**** DATA TO PROCESS ****

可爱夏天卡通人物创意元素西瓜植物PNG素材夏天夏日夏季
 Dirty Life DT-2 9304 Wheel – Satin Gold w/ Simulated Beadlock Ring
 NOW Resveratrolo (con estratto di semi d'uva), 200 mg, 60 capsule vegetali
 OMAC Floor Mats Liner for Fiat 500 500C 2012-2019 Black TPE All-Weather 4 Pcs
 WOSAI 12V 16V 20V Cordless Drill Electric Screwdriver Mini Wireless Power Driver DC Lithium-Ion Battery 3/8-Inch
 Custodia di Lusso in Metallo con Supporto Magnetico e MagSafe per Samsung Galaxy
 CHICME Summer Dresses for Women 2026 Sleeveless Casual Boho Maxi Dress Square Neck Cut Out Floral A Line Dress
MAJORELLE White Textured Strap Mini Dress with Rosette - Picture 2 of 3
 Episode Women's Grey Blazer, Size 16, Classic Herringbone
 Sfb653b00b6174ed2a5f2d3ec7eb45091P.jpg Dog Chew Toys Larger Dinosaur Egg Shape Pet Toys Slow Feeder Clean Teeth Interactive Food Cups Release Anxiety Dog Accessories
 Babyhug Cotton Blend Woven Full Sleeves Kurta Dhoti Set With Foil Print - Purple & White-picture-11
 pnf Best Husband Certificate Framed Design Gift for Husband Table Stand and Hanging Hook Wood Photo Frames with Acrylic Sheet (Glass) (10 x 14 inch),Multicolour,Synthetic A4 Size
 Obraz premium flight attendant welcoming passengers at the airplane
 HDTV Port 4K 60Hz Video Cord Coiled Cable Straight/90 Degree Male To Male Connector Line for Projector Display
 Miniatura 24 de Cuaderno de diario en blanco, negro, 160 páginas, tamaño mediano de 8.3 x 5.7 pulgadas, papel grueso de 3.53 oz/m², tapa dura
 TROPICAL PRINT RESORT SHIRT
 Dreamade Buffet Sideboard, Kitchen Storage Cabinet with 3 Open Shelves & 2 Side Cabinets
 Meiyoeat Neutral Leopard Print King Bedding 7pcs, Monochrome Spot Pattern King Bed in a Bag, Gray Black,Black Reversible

****

## TO DO
Set down, exactly as they stand above, the lines starting with the line with "WOSAI 12V 16V" and going on through the line with "MAJORELLE White Textured", and no others.

## ANSWER SPACE
 WOSAI 12V 16V 20V Cordless Drill Electric Screwdriver Mini Wireless Power Driver DC Lithium-Ion Battery 3/8-Inch
 Custodia di Lusso in Metallo con Supporto Magnetico e MagSafe per Samsung Galaxy
 CHICME Summer Dresses for Women 2026 Sleeveless Casual Boho Maxi Dress Square Neck Cut Out Floral A Line Dress
MAJORELLE White Textured Strap Mini Dress with Rosette - Picture 2 of 3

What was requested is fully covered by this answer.